Typical usage looks like

class MyModel_data(Base, Versioned, DataMixin):
    pass

class MyModel_files(Base, Versioned, FilesMixin):
    pass

class MyModel(Base, HasDataMixin, HasFilesMixin):
    pass

Core models

The CLLD data model includes the following entities commonly found in linguistic databases and publications:

class clld.db.models.common.Dataset(**kwargs)[source]

Each project (e.g. WALS, APiCS) is regarded as one dataset; thus, each app will have exactly one Dataset object.

get_stats(resources, **filters)[source]
Parameters:
  • resources
  • filters
Returns:

class clld.db.models.common.Language(**kwargs)[source]

Languages are the main objects of discourse. We attach a geo-coordinate to them to be able to put them on maps.

class clld.db.models.common.Parameter(**kwargs)[source]

A measurable attribute of a language.

class clld.db.models.common.ValueSet(**kwargs)[source]

The intersection of Language and Parameter.

class clld.db.models.common.Value(**kwargs)[source]

A measurement of a parameter for a particular language.

class clld.db.models.common.Contribution(**kwargs)[source]

A set of data contributed within the same context by the same set of contributors.

class clld.db.models.common.Contributor(**kwargs)[source]

Creator of a contribution.

last_first()[source]

ad hoc - possibly incorrect - way of formatting the name as “last, first”

class clld.db.models.common.Source(**kwargs)[source]

A bibliographic record, cited as source for some statement.

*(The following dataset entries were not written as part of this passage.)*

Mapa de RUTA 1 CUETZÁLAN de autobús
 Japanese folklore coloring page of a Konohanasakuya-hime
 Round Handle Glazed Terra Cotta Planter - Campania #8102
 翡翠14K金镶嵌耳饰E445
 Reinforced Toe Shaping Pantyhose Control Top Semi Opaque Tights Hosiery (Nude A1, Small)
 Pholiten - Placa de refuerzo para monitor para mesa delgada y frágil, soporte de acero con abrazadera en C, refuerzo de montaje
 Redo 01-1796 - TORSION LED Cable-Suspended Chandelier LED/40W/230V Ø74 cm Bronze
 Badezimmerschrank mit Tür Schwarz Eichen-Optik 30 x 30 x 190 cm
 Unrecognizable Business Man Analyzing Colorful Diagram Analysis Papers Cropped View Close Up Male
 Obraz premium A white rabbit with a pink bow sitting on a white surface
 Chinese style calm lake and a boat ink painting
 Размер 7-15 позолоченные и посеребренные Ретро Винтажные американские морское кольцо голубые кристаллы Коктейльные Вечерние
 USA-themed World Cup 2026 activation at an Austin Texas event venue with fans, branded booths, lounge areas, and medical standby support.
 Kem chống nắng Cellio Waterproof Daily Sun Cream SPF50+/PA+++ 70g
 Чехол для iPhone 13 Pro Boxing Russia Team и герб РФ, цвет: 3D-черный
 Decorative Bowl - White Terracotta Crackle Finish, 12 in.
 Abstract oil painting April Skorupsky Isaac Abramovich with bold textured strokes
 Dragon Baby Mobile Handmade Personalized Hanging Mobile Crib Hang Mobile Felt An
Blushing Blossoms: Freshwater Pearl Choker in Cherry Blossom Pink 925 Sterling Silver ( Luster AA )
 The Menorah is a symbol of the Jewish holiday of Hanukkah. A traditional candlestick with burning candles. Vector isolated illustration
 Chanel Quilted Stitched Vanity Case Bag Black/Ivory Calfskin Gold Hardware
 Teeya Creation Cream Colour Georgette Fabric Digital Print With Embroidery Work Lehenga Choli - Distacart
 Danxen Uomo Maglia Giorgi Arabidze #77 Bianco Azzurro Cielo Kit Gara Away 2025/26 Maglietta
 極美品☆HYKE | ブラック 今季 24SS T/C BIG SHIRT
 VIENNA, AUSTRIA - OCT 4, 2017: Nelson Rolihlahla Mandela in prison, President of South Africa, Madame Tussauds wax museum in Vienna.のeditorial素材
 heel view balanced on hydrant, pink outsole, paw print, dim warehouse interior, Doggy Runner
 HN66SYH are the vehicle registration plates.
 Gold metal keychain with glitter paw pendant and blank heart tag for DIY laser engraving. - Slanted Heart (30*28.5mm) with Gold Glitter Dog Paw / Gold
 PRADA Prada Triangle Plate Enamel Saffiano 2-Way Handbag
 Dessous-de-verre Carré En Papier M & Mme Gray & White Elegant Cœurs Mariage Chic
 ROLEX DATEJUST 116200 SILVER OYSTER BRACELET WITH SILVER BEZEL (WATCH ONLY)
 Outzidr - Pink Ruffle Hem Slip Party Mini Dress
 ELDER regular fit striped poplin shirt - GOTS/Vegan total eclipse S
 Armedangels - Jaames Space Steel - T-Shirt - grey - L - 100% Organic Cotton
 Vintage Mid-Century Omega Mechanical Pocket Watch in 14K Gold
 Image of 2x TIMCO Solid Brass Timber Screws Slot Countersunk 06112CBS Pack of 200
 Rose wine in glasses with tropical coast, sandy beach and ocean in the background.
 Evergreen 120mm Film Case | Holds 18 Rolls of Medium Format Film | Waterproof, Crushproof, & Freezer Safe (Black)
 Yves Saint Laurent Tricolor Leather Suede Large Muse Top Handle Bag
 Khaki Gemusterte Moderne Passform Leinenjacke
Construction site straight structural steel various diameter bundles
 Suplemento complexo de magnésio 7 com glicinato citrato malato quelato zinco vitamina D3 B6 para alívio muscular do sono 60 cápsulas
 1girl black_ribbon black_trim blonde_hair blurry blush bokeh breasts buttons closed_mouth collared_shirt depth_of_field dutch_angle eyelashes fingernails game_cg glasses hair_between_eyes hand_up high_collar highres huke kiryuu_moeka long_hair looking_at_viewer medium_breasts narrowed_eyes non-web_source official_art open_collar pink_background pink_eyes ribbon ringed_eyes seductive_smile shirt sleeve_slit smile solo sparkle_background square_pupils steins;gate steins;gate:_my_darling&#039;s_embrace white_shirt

class clld.db.models.common.Unit(**kwargs)[source]

A linguistic unit of a language.

class clld.db.models.common.UnitParameter(**kwargs)[source]

A measurable attribute of a unit.

class clld.db.models.common.UnitValue(**kwargs)[source]
validate_parameter_pk(key, unitparameter_pk)[source]

We have to make sure, the parameter a value is tied to and the parameter a possible domainelement is tied to stay in sync.

Versioning

Versioned model objects are supported via the clld.db.versioned.Versioned mixin, implemented following the corresponding SQLAlchemy ORM Example.

Support for per-record versioning; based on an sqlalchemy recipe.

Migrations

Migrations provide a mechanism to update the database model (or the data) in a controlled and repeatable way. CLLD apps use alembic to implement migrations.